Tuesday, January 22, 2013

In 2001, Cliff Bradshaw was hunting around for treasures in a field in Ringlemere Barrow near Sandwich, Kent. A keen detectorist and archaeologist, Bradshaw knew that the signal was extremely faint so had to dig deep to find the booty.

When he eventually got there, he couldn’t believe his find – a rare example of a Bronze Age gold cup, one of only two in existence in the UK and five in the whole of Europe. After the cup was valued, Bradshaw picked up a cool £270,000.

The Ringlemere gold cup

This fabulous and rare gold cup was found at Ringlemere in East Kent in November 2001 by Mr Cliff Bradshaw. It is only the second example of its type to come from Britain.
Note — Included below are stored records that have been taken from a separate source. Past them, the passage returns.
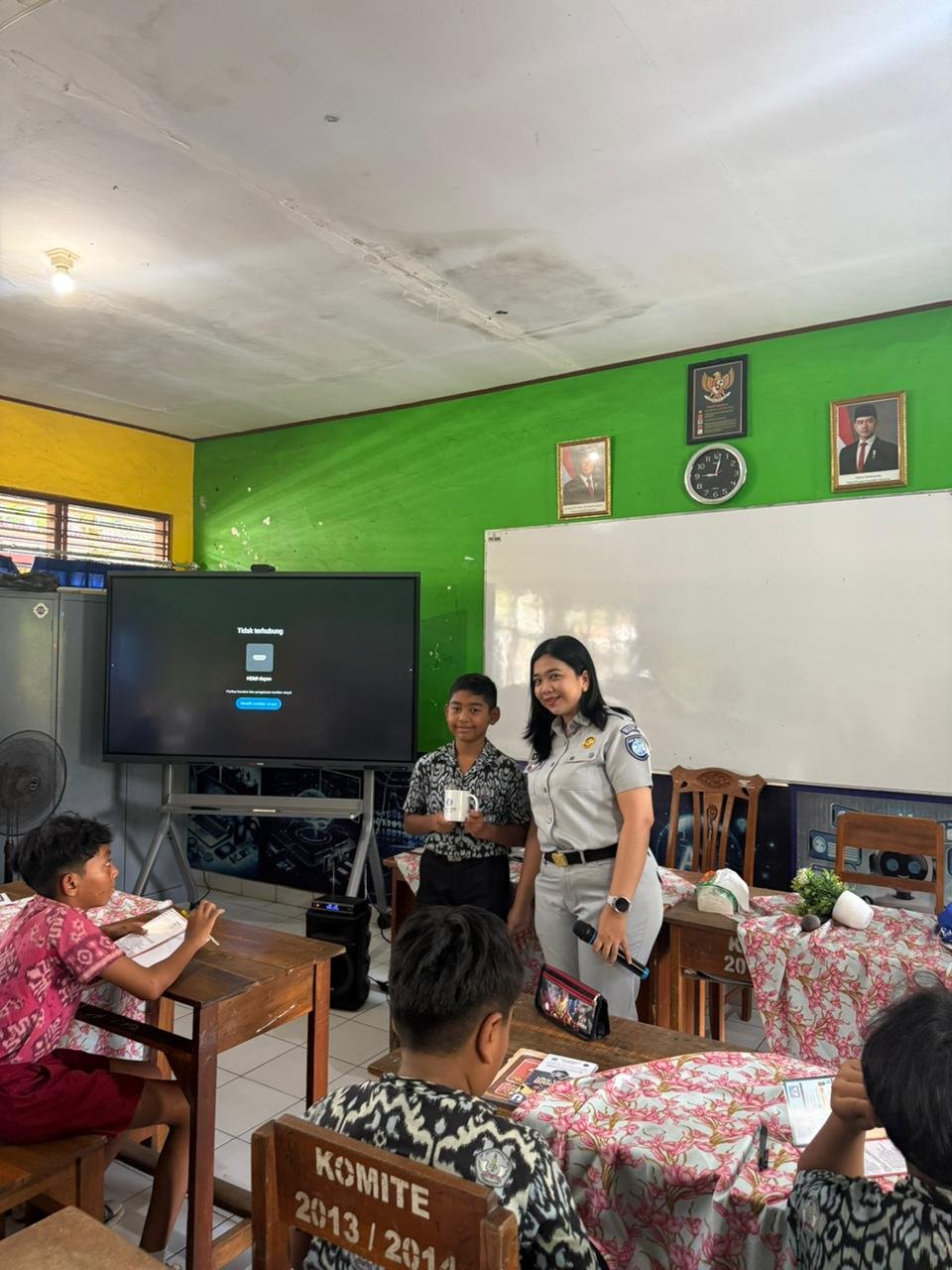 Jasa Raharja Wilayah Bali Bersama Stakeholder Terkait Gelar Pembinaan dan Penyuluhan Keselamatan Lalu Lintas di Denpasar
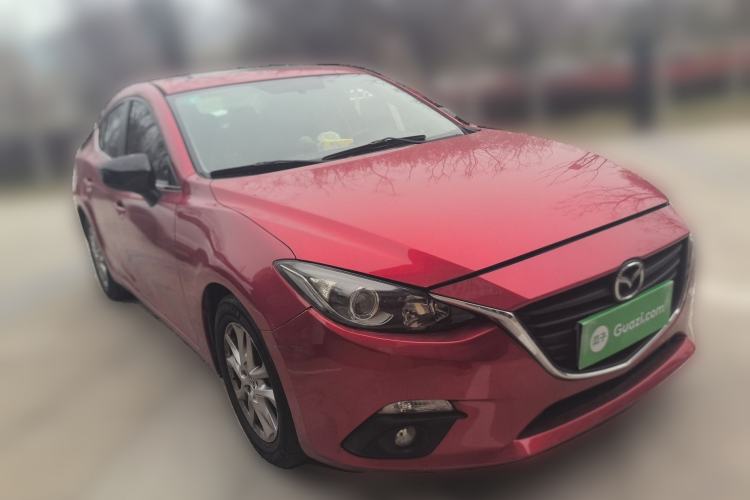 Used Mazda 3 Axela 2014 Sedan 1.5L Automatic Luxury Model
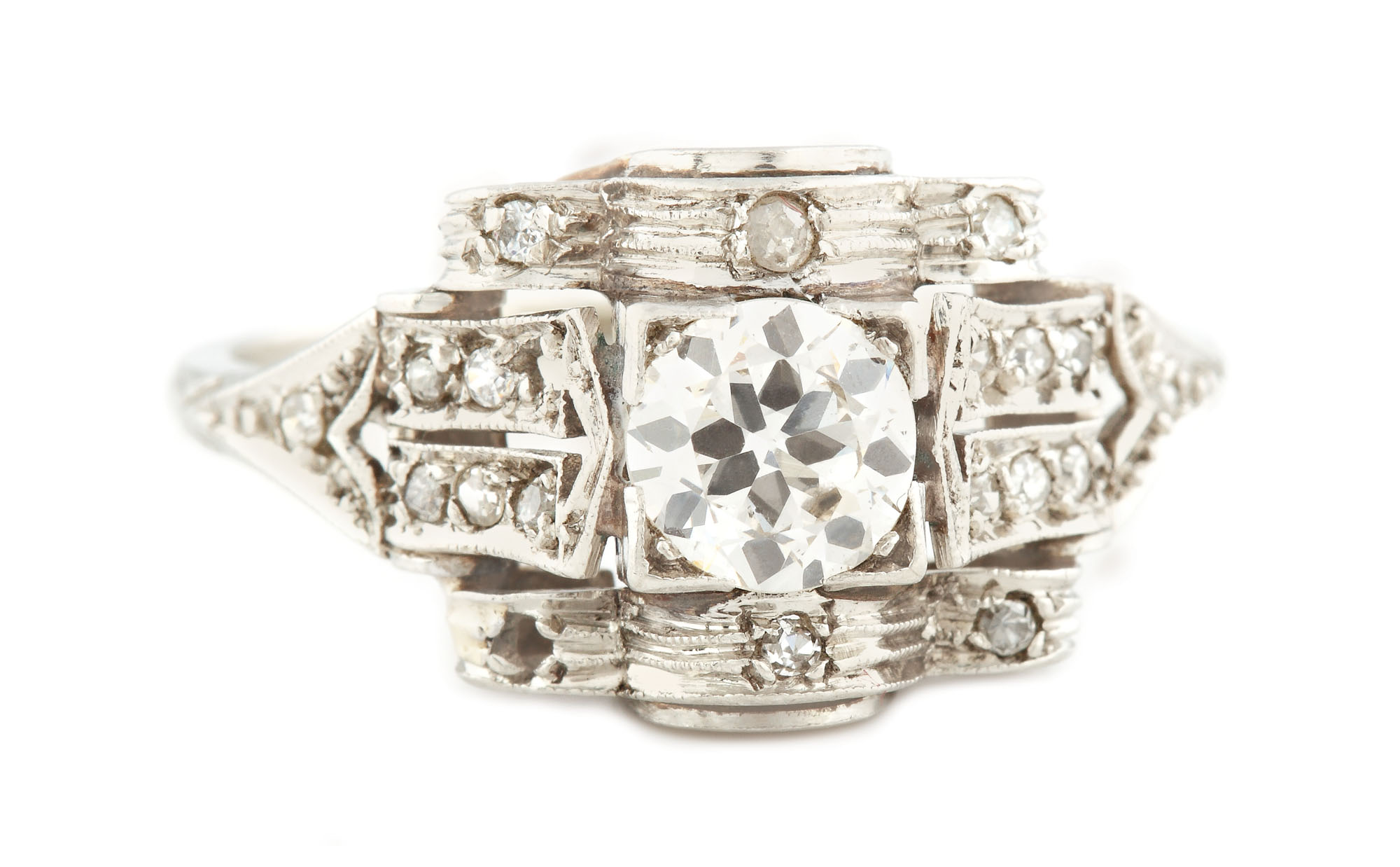 Inel Art Deco din platină, ornat cu diamante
Indeed, only five stylistically related gold cups are known from continental Europe, distributed between Brittany, north-west Germany and northern Switzerland. These early gold vessels, dating to about 1700-1500 BC, had rounded bases and all but one have a single handle riveted neatly to their 'S'-profiled bodies.

The Ringlemere cup is testimony to the skills of gold-workers in the later part of the Early Bronze Age. Beautifully crafted from sheet metal, the body carries multiple horizontal corrugations, a feature most closely paralleled on the Rillaton gold cup, found on Bodmin Moor, Cornwall, in the early nineteenth century (see Related Objects).